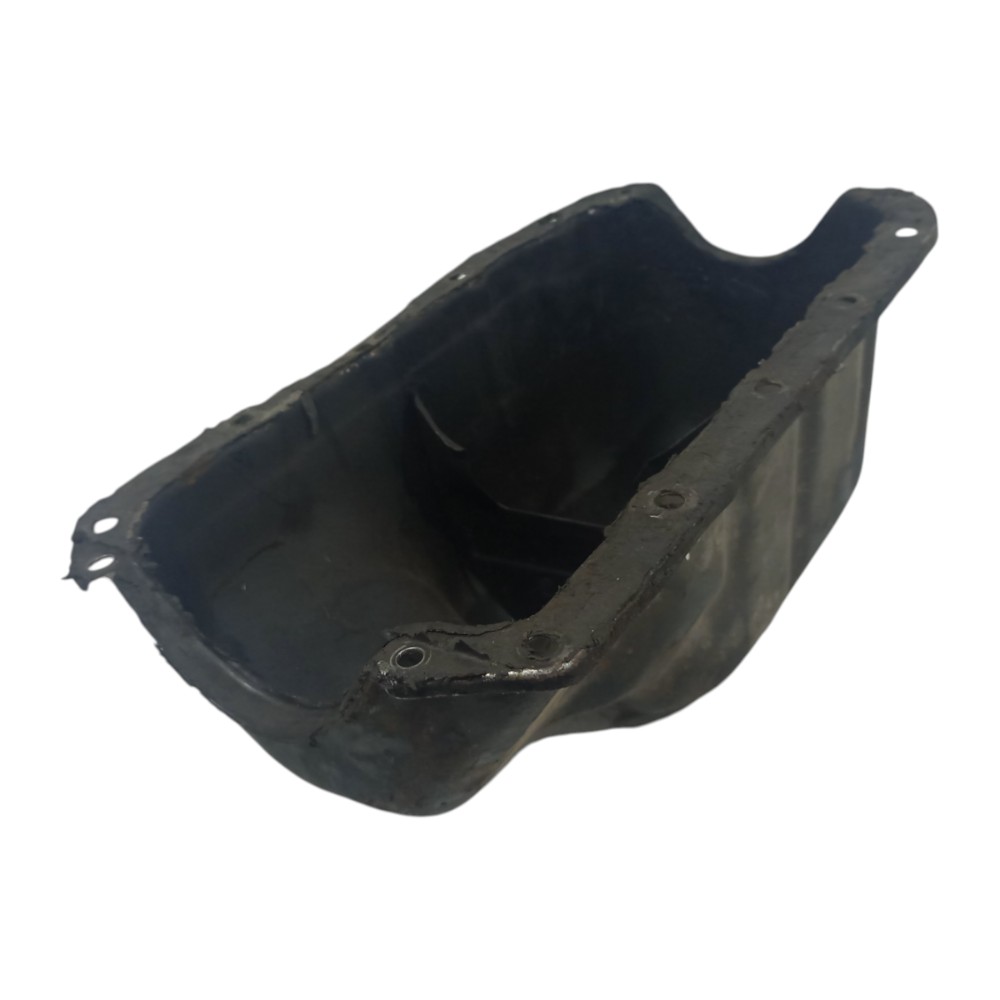 Carter Oléo Motor Fiat Palio Young 1.0 8v 1996 1997 A 2002 8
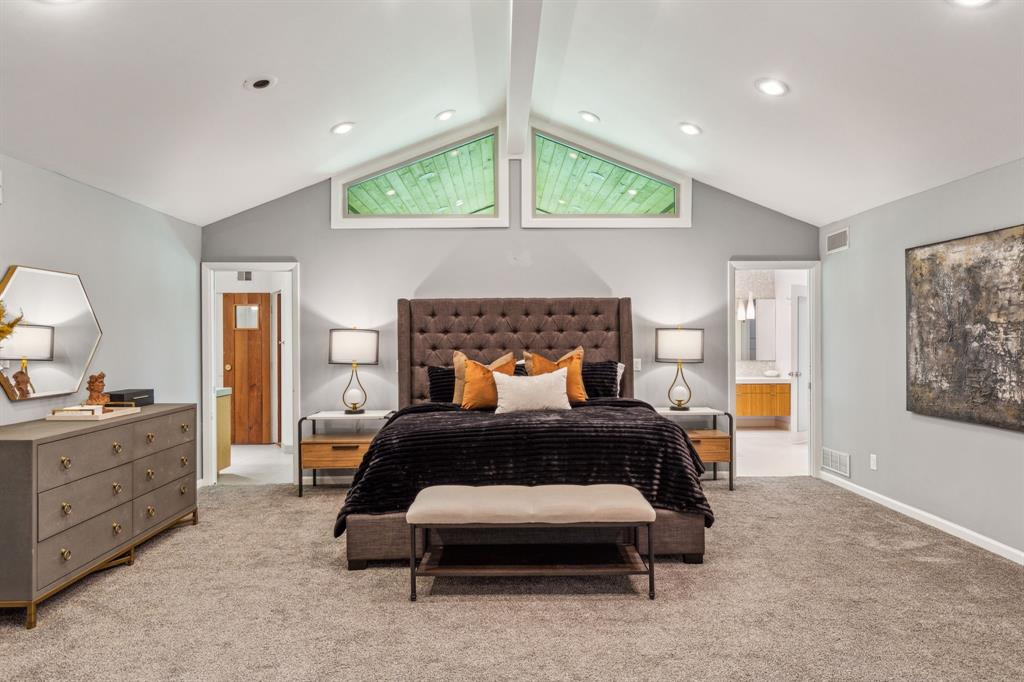 Russwood Acres 6th Instl Sec 3 - Residential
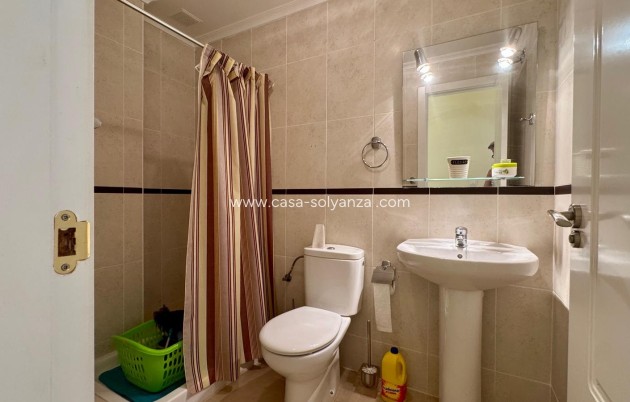 Revente - Appartement - Villamartin - Costa Blanca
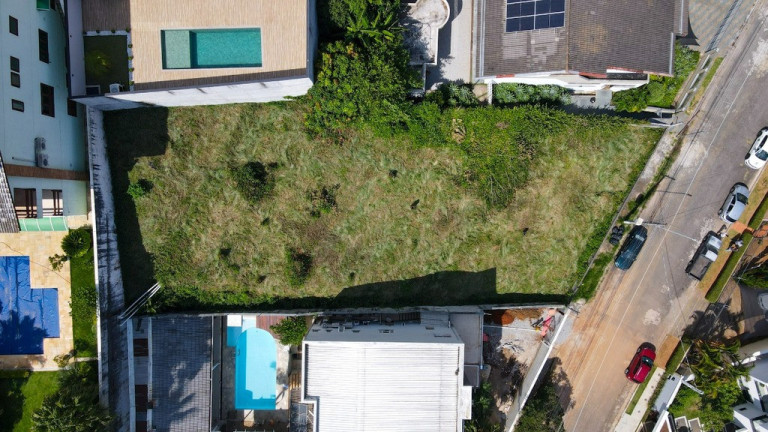 Imagem Terreno à Venda, 640 m² em Parque Dos Príncipes - São Paulo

═══

Please produce an exact copy of the listing, omitting the pictures.

Result:
 Carter Oléo Motor Fiat Palio Young 1.0 8v 1996 1997 A 2002 8
 Russwood Acres 6th Instl Sec 3 - Residential
 Revente - Appartement - Villamartin - Costa Blanca
 Imagem Terreno à Venda, 640 m² em Parque Dos Príncipes - São Paulo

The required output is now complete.